===== DATASET CONTENT

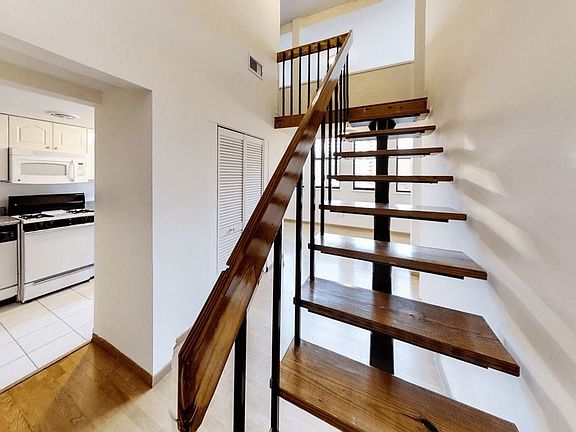 5th image of 371 Madison St APT 312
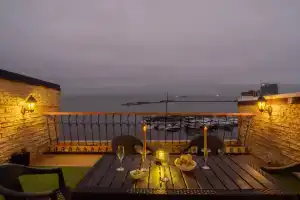 Просторные апартаменты в 10 м от моря с террасой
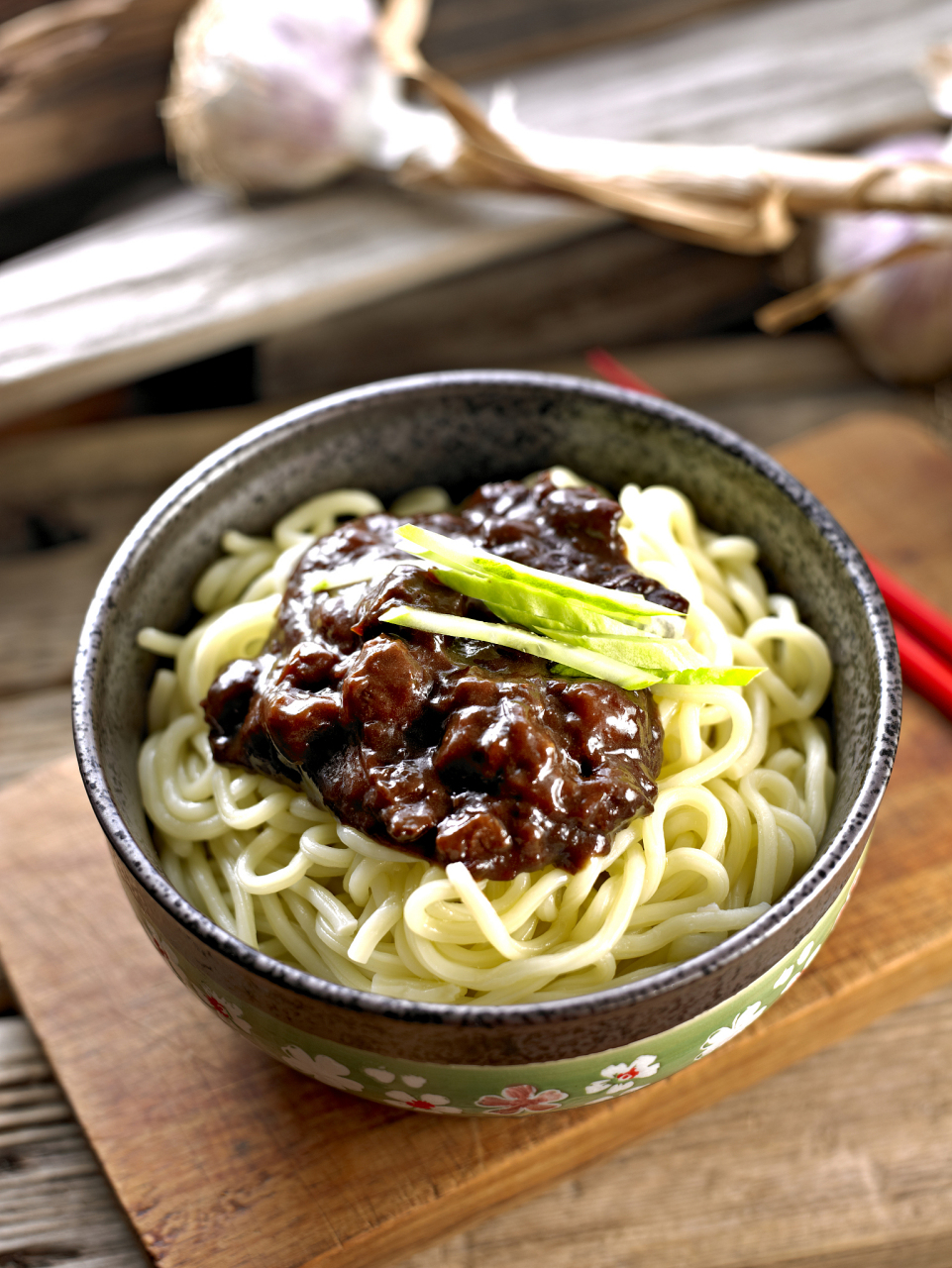 北京炸酱面,这一中国传统面食,不仅是北京市的特色小吃,更代表着源远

==========

> _TASK PROMPT_
Without the pictures, copy the material exactly as given.

> _RESULT OF THE TASK_
 5th image of 371 Madison St APT 312
 Просторные апартаменты в 10 м от моря с террасой
 北京炸酱面,这一中国传统面食,不仅是北京市的特色小吃,更代表着源远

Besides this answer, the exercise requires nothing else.